No disfruta el sexo porque, aparte de no tener apareamientos libidinosos como otras especies, su coito es tan forzoso como breve. Es torpe, medrosa e insegura. Cuando se siente amenazada pierde todo sentido de orientación. Se asea con un baño ¡de polvo! y festeja eufóricamente la puesta ¡de un huevo!
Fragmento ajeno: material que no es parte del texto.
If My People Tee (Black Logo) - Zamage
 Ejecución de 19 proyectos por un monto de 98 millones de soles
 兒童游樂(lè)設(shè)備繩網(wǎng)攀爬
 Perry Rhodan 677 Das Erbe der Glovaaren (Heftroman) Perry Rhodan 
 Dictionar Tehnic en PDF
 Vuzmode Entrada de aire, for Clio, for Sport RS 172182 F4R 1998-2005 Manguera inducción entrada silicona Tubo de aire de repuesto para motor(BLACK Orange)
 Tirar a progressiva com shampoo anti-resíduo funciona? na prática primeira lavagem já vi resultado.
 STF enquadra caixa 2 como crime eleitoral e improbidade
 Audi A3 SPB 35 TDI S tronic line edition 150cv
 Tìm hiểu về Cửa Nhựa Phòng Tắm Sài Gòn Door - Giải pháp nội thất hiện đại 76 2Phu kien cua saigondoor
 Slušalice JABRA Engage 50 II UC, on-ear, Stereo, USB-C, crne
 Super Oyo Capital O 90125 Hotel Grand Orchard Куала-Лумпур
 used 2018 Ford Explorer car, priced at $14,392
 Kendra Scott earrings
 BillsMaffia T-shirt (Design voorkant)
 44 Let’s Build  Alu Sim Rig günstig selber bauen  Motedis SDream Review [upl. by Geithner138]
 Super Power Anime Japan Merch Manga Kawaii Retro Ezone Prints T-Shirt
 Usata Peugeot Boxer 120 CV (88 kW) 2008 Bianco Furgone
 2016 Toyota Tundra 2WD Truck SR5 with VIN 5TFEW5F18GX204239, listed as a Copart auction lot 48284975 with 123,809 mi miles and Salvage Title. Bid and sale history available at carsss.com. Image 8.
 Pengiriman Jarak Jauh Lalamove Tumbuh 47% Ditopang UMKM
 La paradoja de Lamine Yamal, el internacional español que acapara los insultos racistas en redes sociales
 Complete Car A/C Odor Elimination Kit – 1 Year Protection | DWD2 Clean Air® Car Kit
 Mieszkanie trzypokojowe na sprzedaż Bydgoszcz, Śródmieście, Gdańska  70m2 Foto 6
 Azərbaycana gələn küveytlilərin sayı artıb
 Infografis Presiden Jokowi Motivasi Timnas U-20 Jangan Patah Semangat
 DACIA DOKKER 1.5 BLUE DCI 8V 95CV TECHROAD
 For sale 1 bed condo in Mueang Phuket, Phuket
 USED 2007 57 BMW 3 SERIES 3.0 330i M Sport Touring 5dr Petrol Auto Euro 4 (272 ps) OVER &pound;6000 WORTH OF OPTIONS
Hay humanos gallináceos. Seres anodinos, predecibles y huecos. Su esfuerzo más meritorio es no dejar que el otro haga algo distinto, porque para ellos el mundo es y funciona a su modo, por aquello de que los hombres mediocres siempre desaprueban lo que no son capaces de hacer o cambiar. Existen, más no viven. Se amontonan en la nadería. No desatan decisiones arrojadas; les huyen a los compromisos, arrinconados en su propia “prudencia”.
Les cuesta soltar un paso más allá de sus patios. Andan a tumbos faltos de propósitos plausibles. Su existencia está sujeta al juicio y aprobación ajenos; en ese designio solo cuenta el agrado a los demás o recibir loas (o cacareos) del corral. Sentirse confirmados en la estima de otros es suficiente motivo de vida. Y es que, como escribía Borges, “todos caminamos hacia el anonimato, solo que los mediocres llegan un poco antes”.
La existencia los arrolla, pero apenas lo perciben porque perdieron toda razón de trascendencia. Saben que viven porque respiran. Nada les provoca ni les confronta. No muestran flaquezas ni dejan nada al descubierto. Todos fallan menos ellos. Se apoyan en falsas seguridades. Mercadean su proyecto de realización como modelo de éxito.
Son genios en las críticas y héroes en las ausencias. Su presencia en el mundo es meramente demográfica. Se deben así y a sus logros. No se inmiscuyen en nada que los desafíe.
Los límites del mundo están determinados por lo que hacen y tienen. Viven asustadizos, presintiendo lo peor en cada paso. Piensan que cualquier decisión medianamente osada arriesgará sus logros.
Gente pálida, adicta al confort y ajena a todo lo que no le pertenece; que evita los conflictos, congela la sonrisa y recoge la palabra.
Esos son los buenos de hoy: gente reverente a las formas correctas y adaptada a un mundo corriente. Ocupada en su perfecto guion de vida. Su obra está repleta de omisiones honorables, pero de incontables reconocimientos; de triunfos gratuitos en una sociedad de enanos. Quizá, como las mejores gallinas, su mejor utilidad es dar ¡un buen sancocho!